Given data

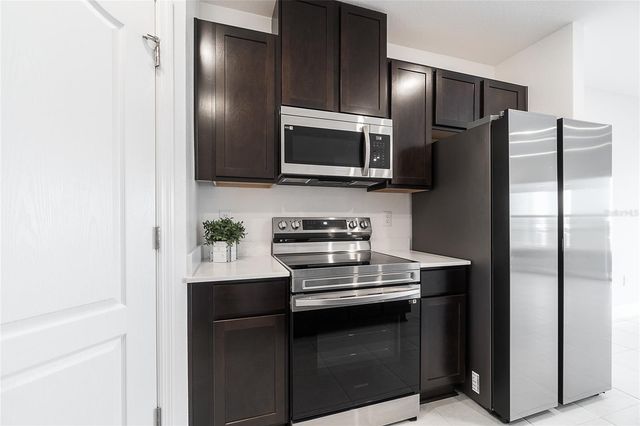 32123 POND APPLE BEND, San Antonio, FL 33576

--

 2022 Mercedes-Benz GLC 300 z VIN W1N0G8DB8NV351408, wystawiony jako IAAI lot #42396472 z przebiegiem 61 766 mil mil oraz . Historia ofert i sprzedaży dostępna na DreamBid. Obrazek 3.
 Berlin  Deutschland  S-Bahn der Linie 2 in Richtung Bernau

...

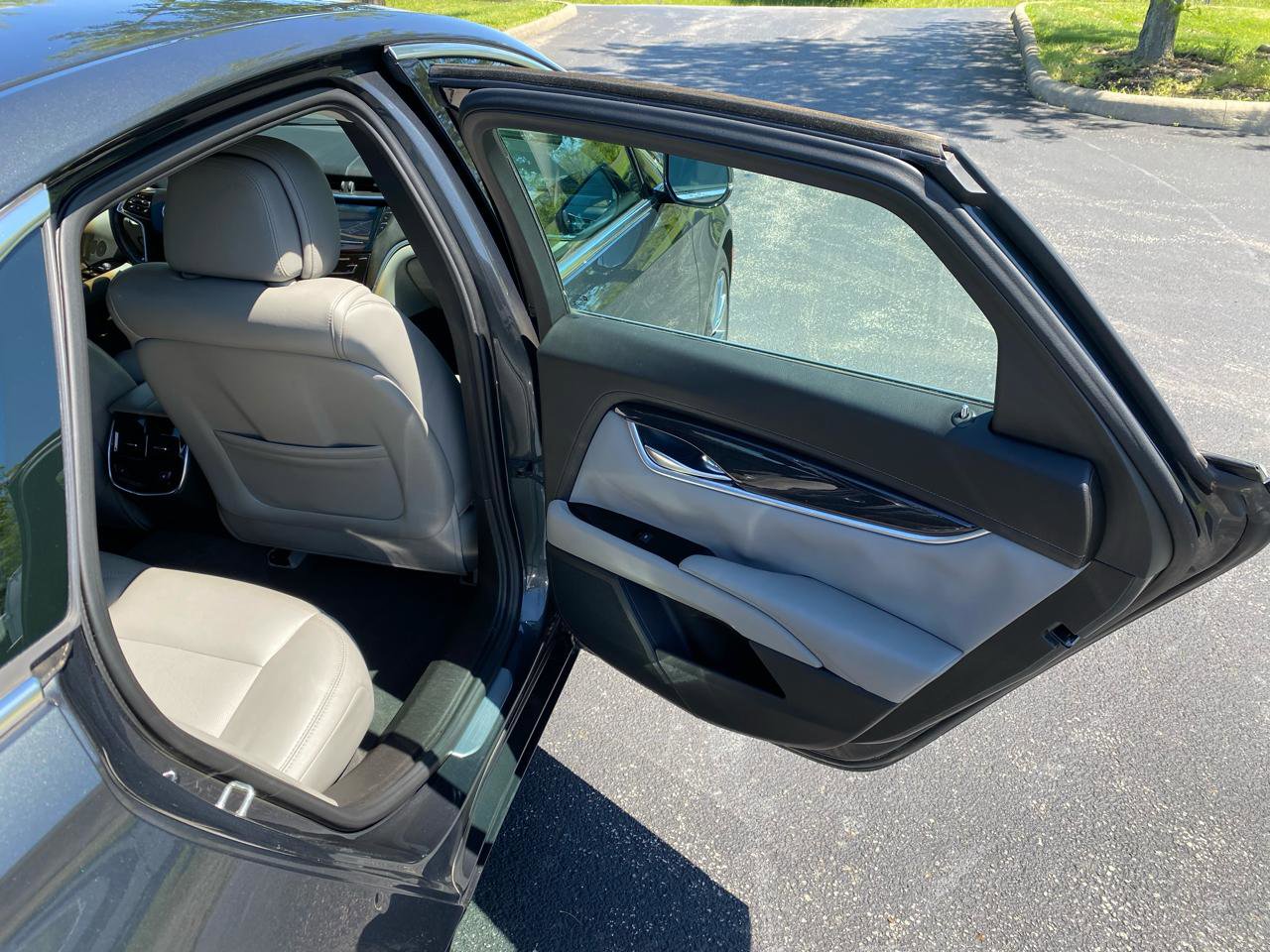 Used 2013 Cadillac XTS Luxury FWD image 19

What you will do
Set down, from the entries above, exactly the lines from the one with "2022 Mercedes-Benz GLC" up to and including the one with "in Richtung Bernau", and no other lines.

Response to the exercise
 2022 Mercedes-Benz GLC 300 z VIN W1N0G8DB8NV351408, wystawiony jako IAAI lot #42396472 z przebiegiem 61 766 mil mil oraz . Historia ofert i sprzedaży dostępna na DreamBid. Obrazek 3.
 Berlin  Deutschland  S-Bahn der Linie 2 in Richtung Bernau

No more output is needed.